Securities code: Shenzhen Dynanonic Co.Ltd(300769) securities abbreviation: Shenzhen Dynanonic Co.Ltd(300769) Announcement No.: 2022051 Shenzhen Dynanonic Co.Ltd(300769)

Suggestive announcement on the listing and circulation of issued shares before initial public offering

The company and all members of the board of directors guarantee that the information disclosed is true, accurate and complete without false records, misleading statements or major omissions.

Special tips:

1. Shenzhen Dynanonic Co.Ltd(300769) (hereinafter referred to as ” Shenzhen Dynanonic Co.Ltd(300769) ” or “the company”) the shares released this time are part of the shares issued before the initial public offering of the company. The number of shares released this time is 33842894, accounting for 37.93% of the total share capital of the company; The actual number of shares that can be listed and circulated after the restrictions are lifted this time is 24120362, accounting for 27.03% of the total share capital of the company.

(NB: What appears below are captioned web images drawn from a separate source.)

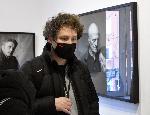 София – Изложба фотография „Портрети от фоайето: 25 години София Филм Фест“ в галерия „Синтезис”.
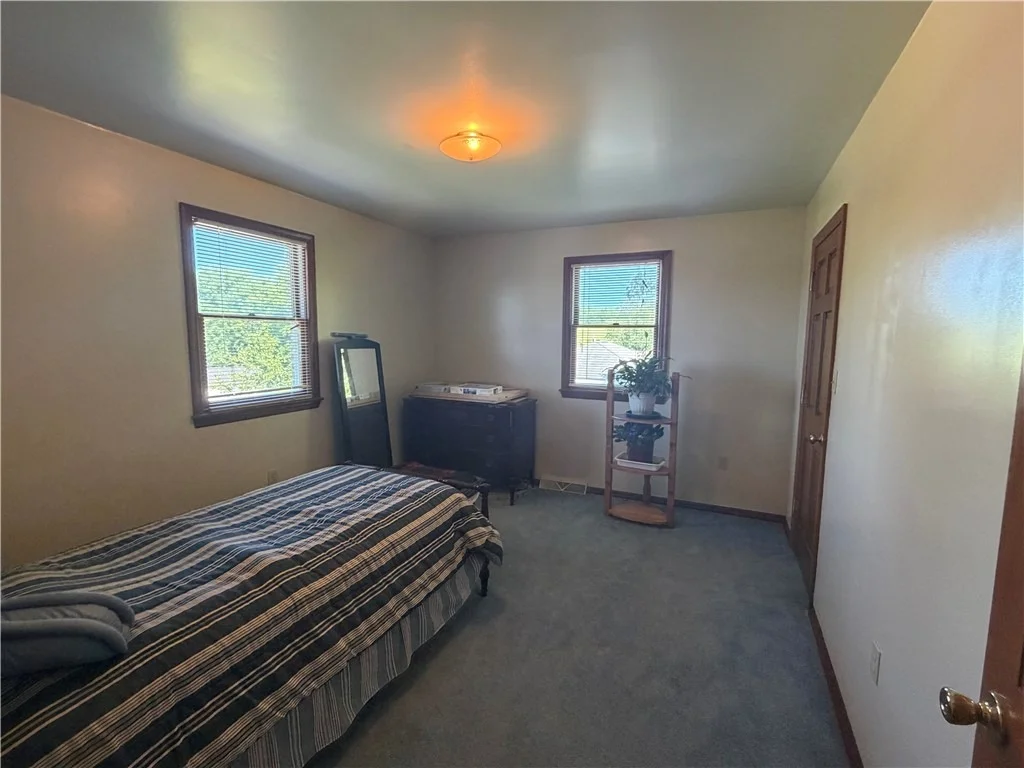 Photo of 902 Central Dr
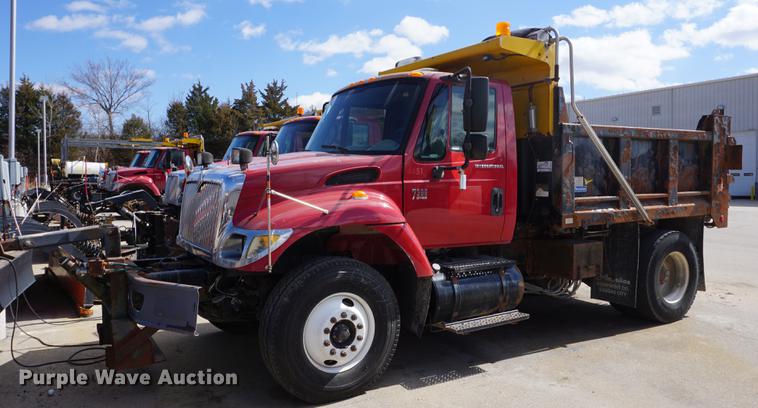 image for item DB0326 2005 International 7300 dump truck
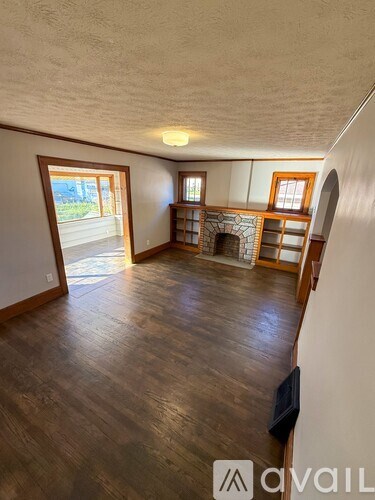 1609 Salem Ave 2 Beds Apartment for Rent - Photo Gallery 4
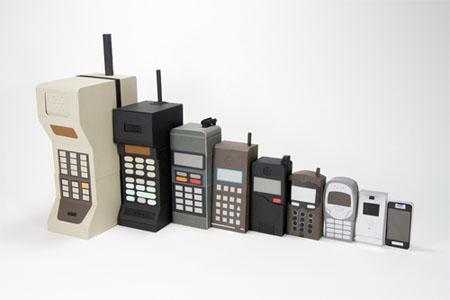 17 Figure 1.3 Mobile Evolution The first U.S. digital cellular (USDC) system hardware was installed in major U.S. cities in 1991.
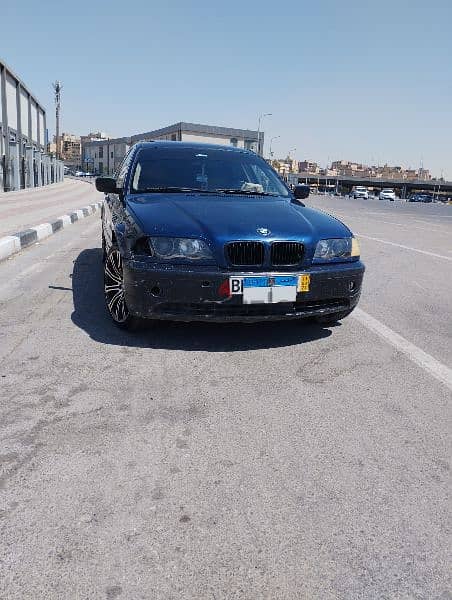 BMW 318 2002 5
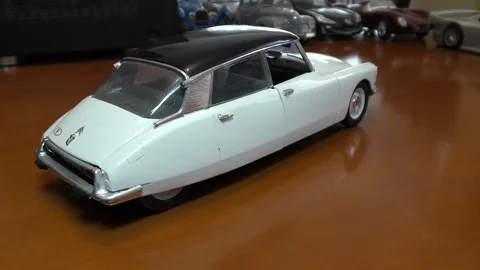 The scaled version of the famous Citroen DS 19 Stockbeeldmateriaal 125563639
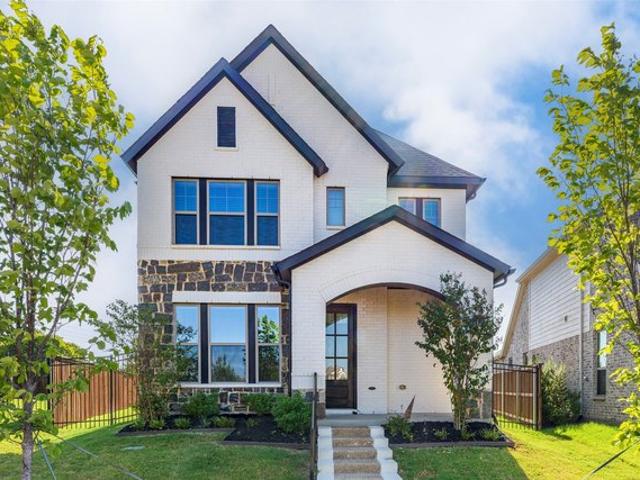 House for sale in Crowley, Texas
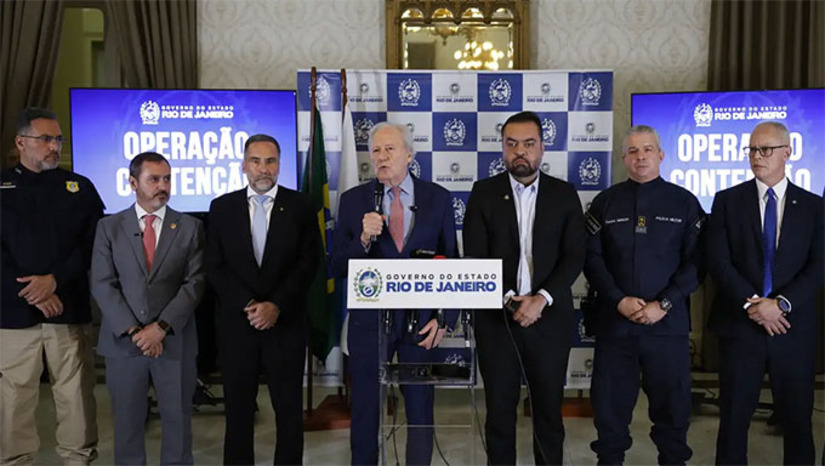 Imagem 1 - A coordenação será compartilhada entre o secretário nacional de Segurança Pública, Mario Sarrubbo, e do secretário de Segurança Pública do Rio, Victor Santos. A ideia é que ações sejam "100% integradas" para vencer burocracias e respeitas competências de cada órgão, conforme o governador do Rio. Lewandowski disse que o governo federal vai aumentar do efetivo da Polícia Rodoviária Federal em 50 agentes nas estradas e o efetivo de agentes de inteligência no estado. Também foram colocados à disposição peritos e vagas nos presídios federais, caso o governo estadual requisite. Imagem 1 - A coordenação será compartilhada entre o secretário nacional de Segurança Pública, Mario Sarrubbo, e do secretário de Segurança Pública do Rio, Victor Santos. A ideia é que ações sejam "100% integradas" para vencer burocracias e respeitas competências de cada órgão, conforme o governador do Rio. Lewandowski disse que o governo federal vai aumentar do efetivo da Polícia Rodoviária Federal em 50 agentes nas estradas e o efetivo de agentes de inteligência no estado. Também foram colocados à disposição peritos e vagas nos presídios federais, caso o governo estadual requisite.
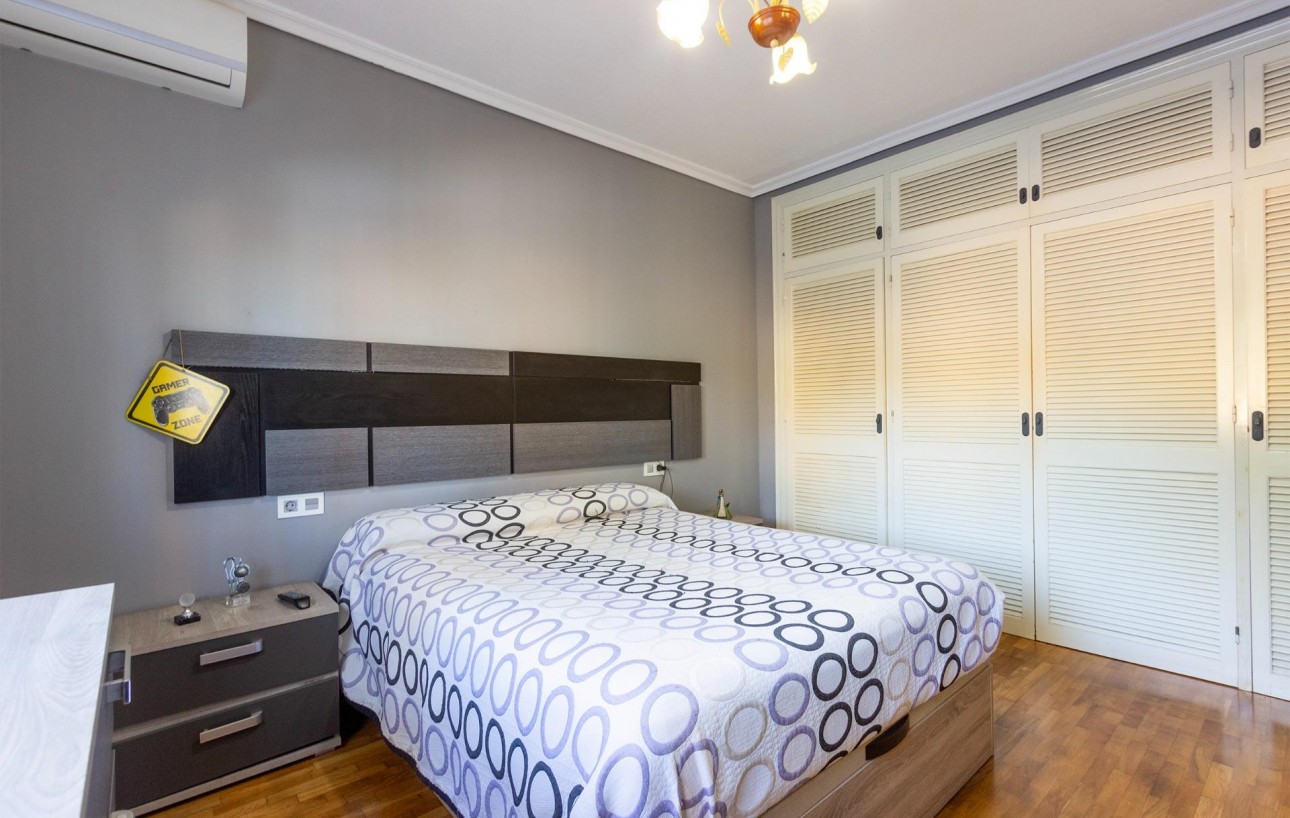 Resale - Villa - Torrevieja - Los balcones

2. The listing and circulation date of the shares lifted this time is Friday, April 15, 2022.

1、 Overview of shares issued before IPO

(I) initial public offering of shares

Approved by the reply on the approval of Shenzhen Dynanonic Co.Ltd(300769) initial public offering of shares (zjxk [2019] No. 527) of China Securities Regulatory Commission and the notice on the listing of Shenzhen Dynanonic Co.Ltd(300769) RMB common shares on GEM (SZS [2019] No. 203) of Shenzhen Stock Exchange, The 10690000 ordinary shares (A shares) of Shenzhen Dynanonic Co.Ltd(300769) IPO were listed and traded on the gem of Shenzhen Stock Exchange on April 15, 2019. After the public offering, the total share capital of the company increased from 32055652 shares before the public offering to 42745652 shares.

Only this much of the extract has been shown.